• PROBLEM TO WORK ON: Leave out the pictures and repeat everything else in the records exactly.

SUPPLIED MATERIAL Start Marker

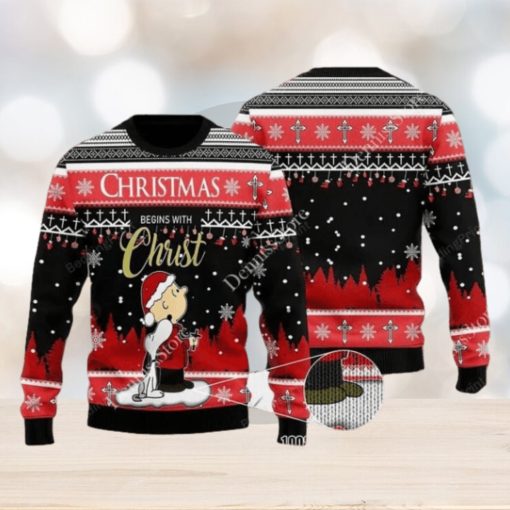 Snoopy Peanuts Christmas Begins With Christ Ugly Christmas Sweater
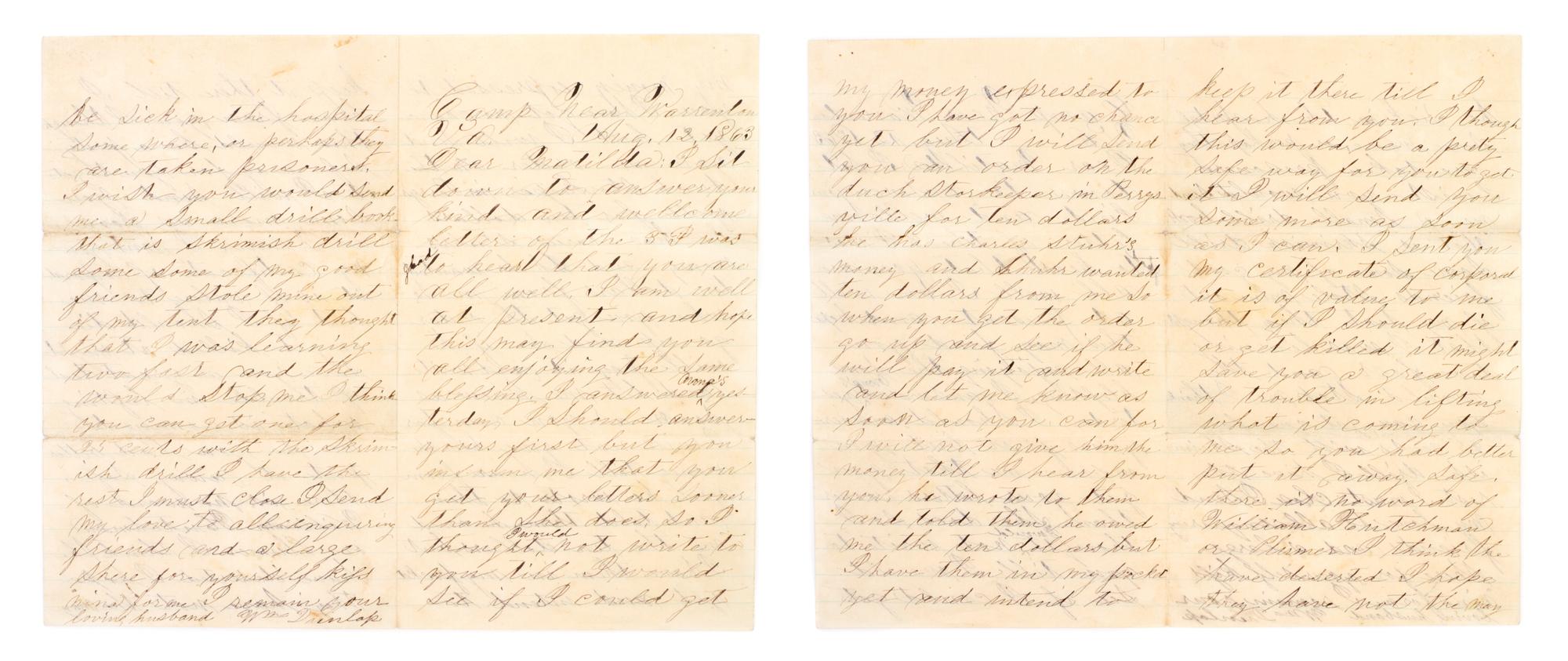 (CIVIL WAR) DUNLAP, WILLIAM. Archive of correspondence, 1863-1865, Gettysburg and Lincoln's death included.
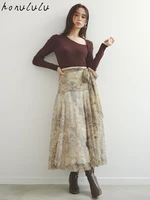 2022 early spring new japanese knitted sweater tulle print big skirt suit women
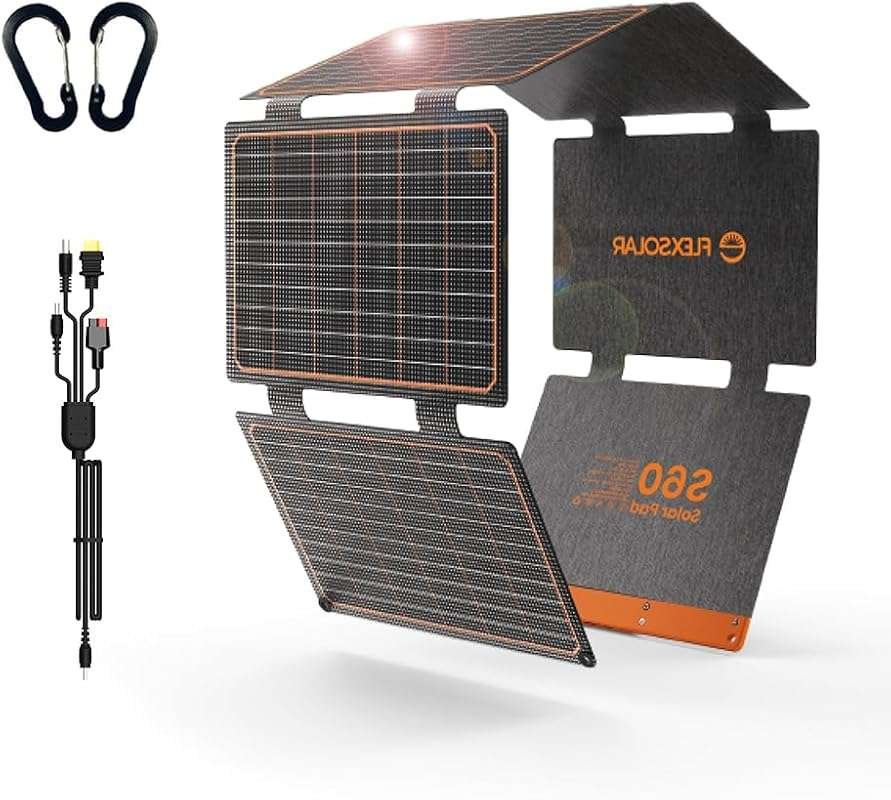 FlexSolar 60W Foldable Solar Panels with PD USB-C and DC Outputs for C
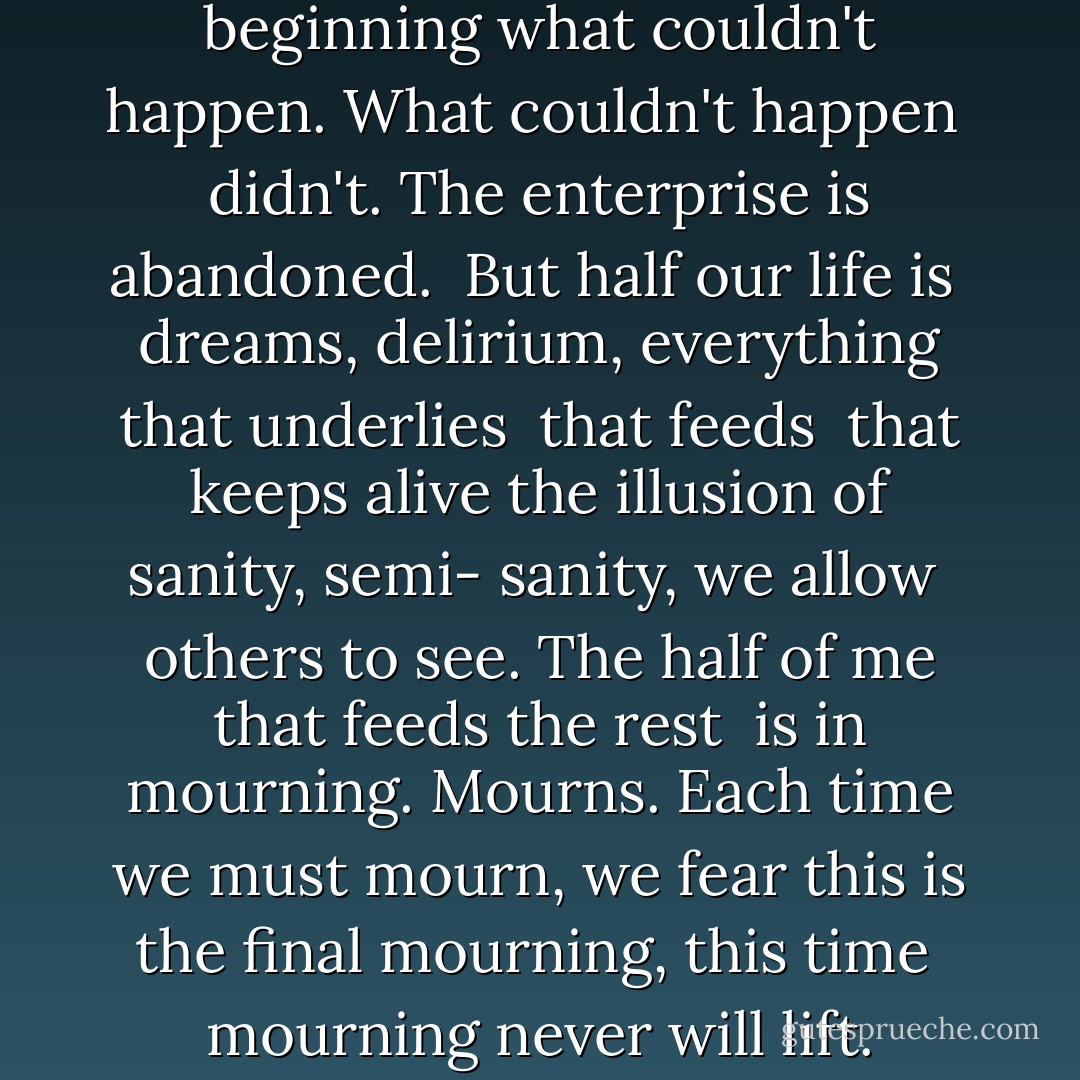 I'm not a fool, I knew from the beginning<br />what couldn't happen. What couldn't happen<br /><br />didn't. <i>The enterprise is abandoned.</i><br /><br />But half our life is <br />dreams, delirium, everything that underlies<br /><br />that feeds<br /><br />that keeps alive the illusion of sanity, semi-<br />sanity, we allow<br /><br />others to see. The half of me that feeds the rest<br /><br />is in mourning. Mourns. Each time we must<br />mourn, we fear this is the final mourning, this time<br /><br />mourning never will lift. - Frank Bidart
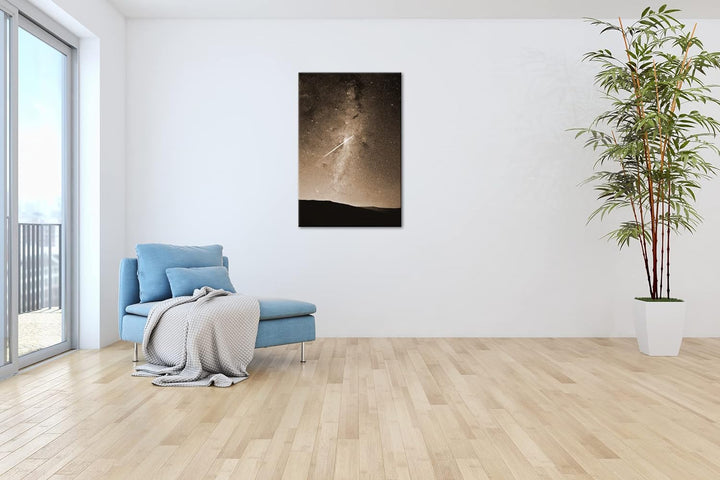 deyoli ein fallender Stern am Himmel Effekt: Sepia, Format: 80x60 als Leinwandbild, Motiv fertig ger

SUPPLIED MATERIAL End Marker

• ANSWER:
 Snoopy Peanuts Christmas Begins With Christ Ugly Christmas Sweater
 (CIVIL WAR) DUNLAP, WILLIAM. Archive of correspondence, 1863-1865, Gettysburg and Lincoln's death included.
 2022 early spring new japanese knitted sweater tulle print big skirt suit women
 FlexSolar 60W Foldable Solar Panels with PD USB-C and DC Outputs for C
 I'm not a fool, I knew from the beginning<br />what couldn't happen. What couldn't happen<br /><br />didn't. <i>The enterprise is abandoned.</i><br /><br />But half our life is <br />dreams, delirium, everything that underlies<br /><br />that feeds<br /><br />that keeps alive the illusion of sanity, semi-<br />sanity, we allow<br /><br />others to see. The half of me that feeds the rest<br /><br />is in mourning. Mourns. Each time we must<br />mourn, we fear this is the final mourning, this time<br /><br />mourning never will lift. - Frank Bidart
 deyoli ein fallender Stern am Himmel Effekt: Sepia, Format: 80x60 als Leinwandbild, Motiv fertig ger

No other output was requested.